I drove out to visit my Great Aunt Anne today. She is 88 years old and is still living on her own. For that last few years, her situation has been less than ideal, but workable. However, these days it’s not going well. She’s essentially stranded in a suburban ranch house with nothing around but neighbors and a private day school. She does still have a car but can’t drive anymore because her driver’s license expired and she knows that the DMV won’t give her another one. She’s right too, her macular degeneration has gotten so bad that she can hardly see. It seems to be a moot point anyway, as the last time she tried to turn on the car’s engine, the battery was dead and she doesn’t have the problem-solving skills to figure out how to get it charged or replaced.
There are other signs that she is struggling more with living on her own than she used to. In the past she was always thrilled to see me and would chat on for hours about the past, the mistakes she made in her life, her hatred for President Bush and why she doesn’t believe in god. This time, we chatted for about half an hour before she turned the TV on because it was time for “Who Wants to Be a Millionaire?” It was shocking to see how much she has withdrawn into television.
The saddest moment of the visit was towards the end. I had my coat on and was fishing in my pocket for my car keys. As I grabbed them I said, “Okay, I’ve got my keys.” This phrase sent Aunt Anne into a panic and she said, in a wobbly voice that sounded near to tears, “Where are my keys?” She began patting her pockets and started walking around the house. She said, “Honey, please help me find my keys!”
I asked her if she was planning on going anywhere and she said no, but she still wanted to have her keys. Eventually she found them and flopped into an armchair with a thump. I leaned over, gave her a kiss and said, “I love you Aunt Anne, I’ll talk to you soon.” And then I left.
My grandmother was always a dynamic woman on the go and after an aneurysm her life drastically changed into a downward spiral. It was so hard to watch her lose her dynamism and what made her the woman she was. Unfortunately my family was not ready to let her go when she had a chance and she ended up on a respirator in a nursing home for 9 months, very unhappy. It was difficult for her, but it gave my family time to let her go. I always wished that she didn’t need to go through the last part of her life.
Somehow I just spiraled downward into sadness when that was not my intention.

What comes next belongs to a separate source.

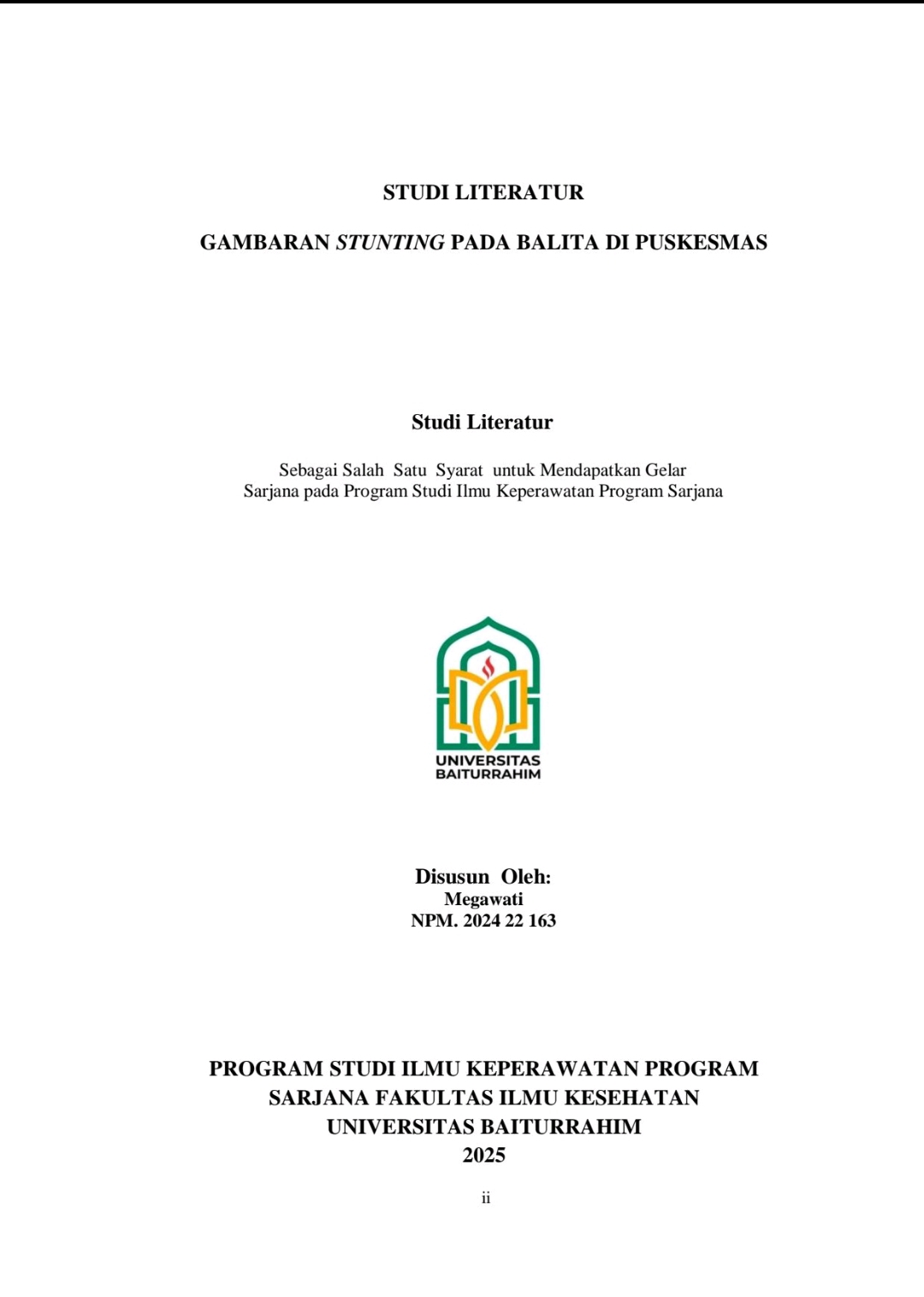 STUDI LITERATUR GAMBARAN STUNTING PADA BALITA DI PUSKESMAS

What I learned from my experience with my grandma I was able to use to help my elderly landlady in her final months. Her family wanted to put her into a nursing home, but she never wanted to leave her home and I encouraged her to stand by her wishes and in the end she was able to die at home. It was sad, but I felt like she got the end she wanted to her life and I feel glad I was able to help her in any small way with that when I wasn’t able to help my own grandmother.

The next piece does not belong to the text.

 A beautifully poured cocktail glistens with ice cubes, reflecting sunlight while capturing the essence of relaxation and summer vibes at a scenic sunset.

I am sure that your visits to your aunt do brighten her day even if it is just as a tv companion. It is so good of you to be able to find some time in your crazy schedule to go see her.
This is a powerfully written post. Thank you for sharing something so personal and inspirational. I know that sounds ironic…it’s quite sad that your aunt is struggling. But it’s also inspirational that she’s been so independent for so long and continues to trod along. It’s just as inspirational that you have the courage to confront this deterioration and the grace to keep on showing your love to her. I know that I have a very difficult time watching my grandmother, now entering her 90s, grow really and truly old. Until just a year ago she was feisty and alive. Now she’s distant and somehow hollow, which makes it hard for me to visit sometimes. After reading your post, I’m determined to go see her this weekend. Thank you!